Harte Zweikämpfe: Gideo van der Garde kam am Samstag nicht weit, Foto: GP2 Series
Harte Zweikämpfe: Gideo van der Garde kam am Samstag nicht weit, Foto: GP2 Series

Nach dem Crash des Titelaspiranten aus Brasilien, der gleichsam seinen allersten Ausfall in der Saison bedeutete, verlagerte sich der Fokus wieder auf das Geschehen an der Spitze. Nachdem auch der in Führung liegende Chilton an der Box war, konnte er seine Spitzenposition zunächst knapp vor Filippi halten. In der Variante Ascari spielte der Lokalmatador jedoch seine ganze Streckenerfahrung aus und schnappte dem Briten die Führung weg, nur um anschließend vier Sekunden vor seinen Verfolgern einen ungefährdeten wie sensationellen Comeback-Sieg nach Hause zu fahren. "Es mag schon ein Jahr her sein, dass ich zuletzt gefahren bin, aber es fühlt sich an, wie wenn es erst gestern gewesen wäre - als hätte die Zeit angehalten.
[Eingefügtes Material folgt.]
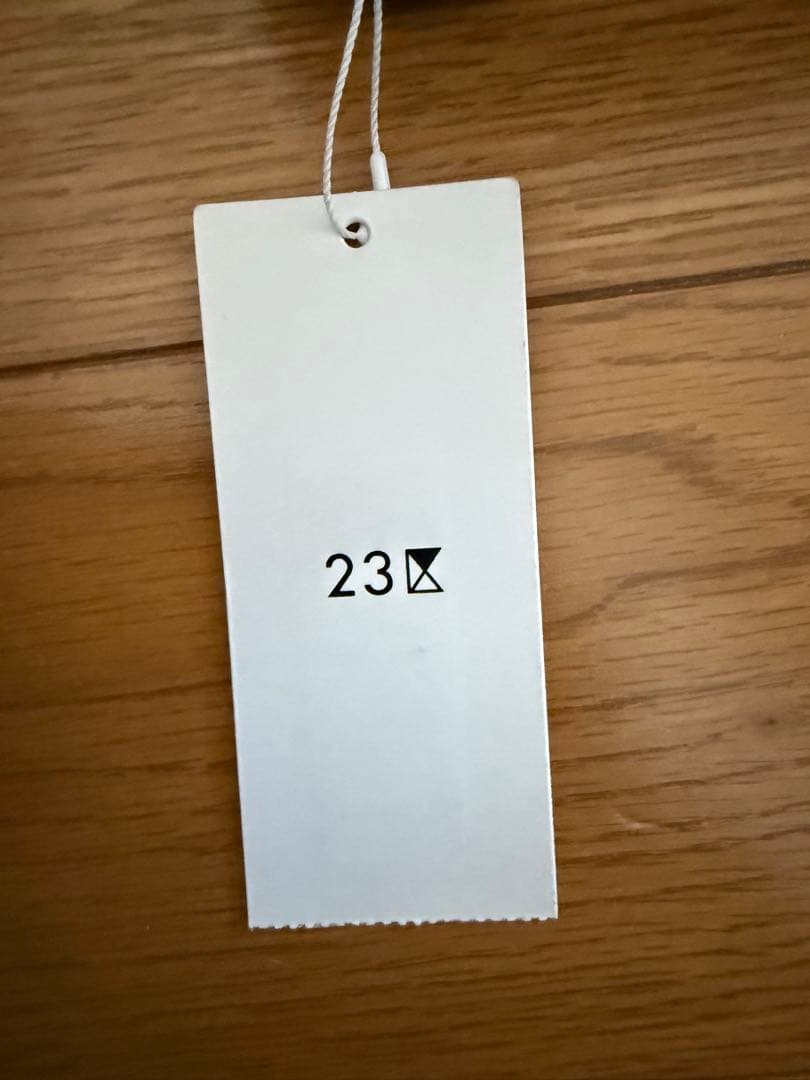 新品未使用タグ付き23区フード付きダウンジャケットブラック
Das macht die Emotionen jetzt noch überwältigender", jubelte der überglückliche Sieger nach der Zieldurchfahrt auf dem Podium. Seine Karriere habe bereits beendet ausgesehen. "Nun glaube ich mehr denn je an mich."

In einen Aufreger kurz vor Schluss war erneut Leimer verwickelt - wieder geriet er in der zweiten Schikane in ein Duell, wieder ging es für seinen Gegner - in diesem Fall DAMS-Pilot Felipe Nasr, der daraufhin ausschied - schlecht aus. Für positivere Schlagzeilen sorgte in jedem Fall Johnny Cecotto, der klug Reifen gespart hatte und so, trotz einer Rückversetzung um fünf Positionen für seinen Startunfall in Spa, Chilton schlussendlich noch P2 abtrünnig machte. Das gelang ein paar Runden später auch Marcus Ericsson, der den Briten auf Platz vier durchreichte und damit knapp vom Podium stieß. Fünfter wurde trotz aller Zwischenfälle Leimer, vor Valsecchi, Palmer und Coletti - der Italiener startet am Sonntag daher von der Pole.